Il est d’abord indispensable d’adopter les mesures sociales et administratives préalables à l’emploi des réserves, dont bénéficient par exemple les réservistes américains, anglais ou encore canadiens, afin de mobiliser massivement des réservistes opérationnels, en leur assurant une couverture spécifique et des garanties particulières concernant leur emploi civil. Il s’agit d’une première étape nécessaire avant que notre pays se dote d’une véritable garde nationale, ayant pour pivot la réserve de la gendarmerie, et qui prenne le plus rapidement possible le relais des effectifs classiques engagés dans les opérations intérieures Vigipirate et Sentinelle, afin de réduire les fortes tensions pesant sur nos armées.

Si nous saluons l’augmentation, attendue de longue date, des moyens de la défense, nous appelons le Gouvernement à intensifier cet effort, afin que le budget de la défense atteigne rapidement les 2 % du PIB, contre 1,7 % aujourd’hui. Certes, cet objectif peut paraître très ambitieux ; il est cependant la condition sine qua non du maintien de notre capacité de défense, alors que la France est en Europe la seule puissance à disposer d’un outil d’une telle qualité, qu’il s’agisse de nos hommes ou de notre cadre institutionnel particulièrement favorable – ce qui n’est malheureusement pas le cas de l’Allemagne, par exemple.
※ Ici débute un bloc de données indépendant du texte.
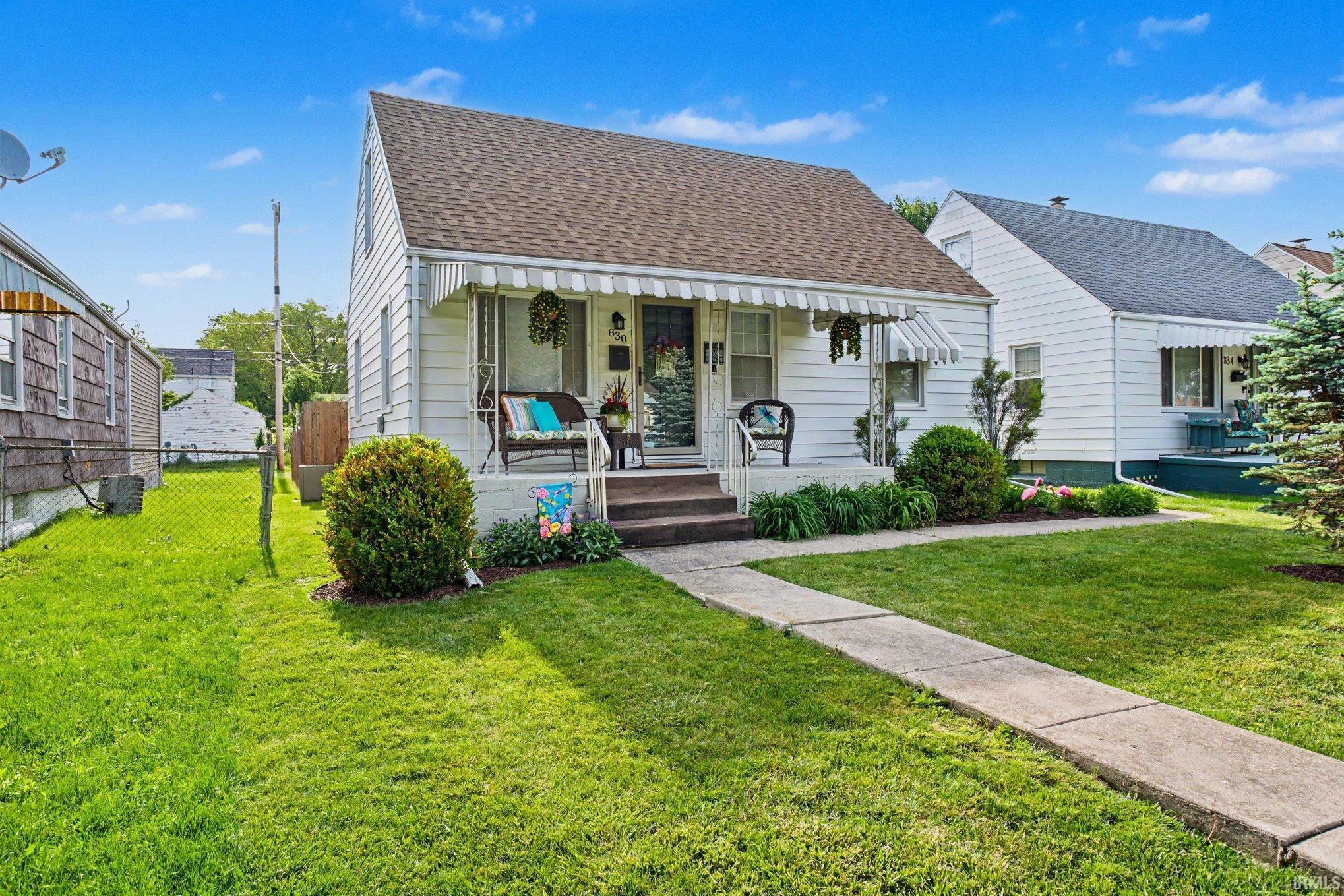 830 S Falcon Street South Bend IN 46619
À ce titre, je tiens à rappeler que lorsque la France s’engage en opération extérieure, elle ne le fait pas pour elle-même, mais pour la sécurité de l’ensemble de l’Europe. C’est pourquoi il nous semblerait juste qu’une solidarité financière effective soit enfin mise en place – ce que l’UDI préconise depuis 2013.
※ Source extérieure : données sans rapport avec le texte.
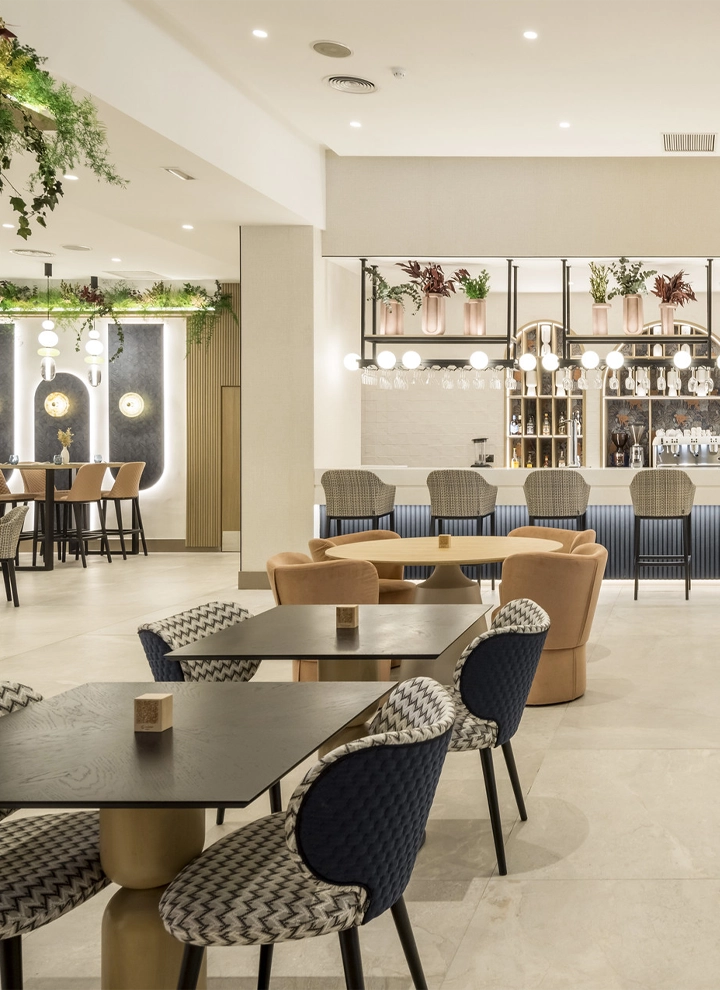Imagen del restaurante recién reformado del hotel ILUNION Les Corts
L’augmentation de notre budget de la défense est indispensable pour respecter le contrat opérationnel des armées fixé par le dernier Livre blanc – contrat inatteignable avec le budget actuel –, mais également pour donner à nos soldats les moyens de mener le combat contre le terrorisme, alors que notre matériel est parfois servi par des hommes plus jeunes qu’eux puisque 85 % des équipements en service dans l’armée de terre ont été conçus et acquis il y a trente-cinq ans. Pouvons-nous imaginer les troupes anglaises et américaines débarquant en Normandie, en 1944, avec du matériel du début de la Guerre de 14-18 ? En outre, moins de 40 % des hélicoptères de l’armée de terre sont en mesure de voler, et moins de 65 % des véhicules sont en état de rouler. Cette situation n’est plus tenable.

Mes chers collègues, alors que le monde dans lequel nous vivons est chaque jour plus instable et dangereux, nous devons non seulement donner des moyens supplémentaires à notre défense, mais également susciter une prise de conscience collective. Une approche globale passera aussi par le développement et l’éducation dans toutes les zones fragilisées par le terrorisme et par la menace islamiste radicale. De plus, la sortie de crise et l’après conflit doivent être au coeur de nos préoccupations, que ce soit par la mobilisation des moyens de l’action civilo-militaire ou par l’octroi de crédits à l’aide au développement via, entre autres, l’AFD, l’Agence française de développement.

L’engagement de dizaines de milliers de nos concitoyens civils au service de la France et de la sécurité constituera une réponse déterminante face au terrorisme, car c’est par la résilience de chacun et de tous que nous pourrons faire face à la barbarie et aux menaces qui pèsent sur notre pays. C’est pourquoi il nous paraît important de retrouver des éléments d’union : c’est à quoi nous appelons, non seulement sur les bancs de l’UDI, mais aussi, je pense, sur la majorité des bancs de notre assemblée.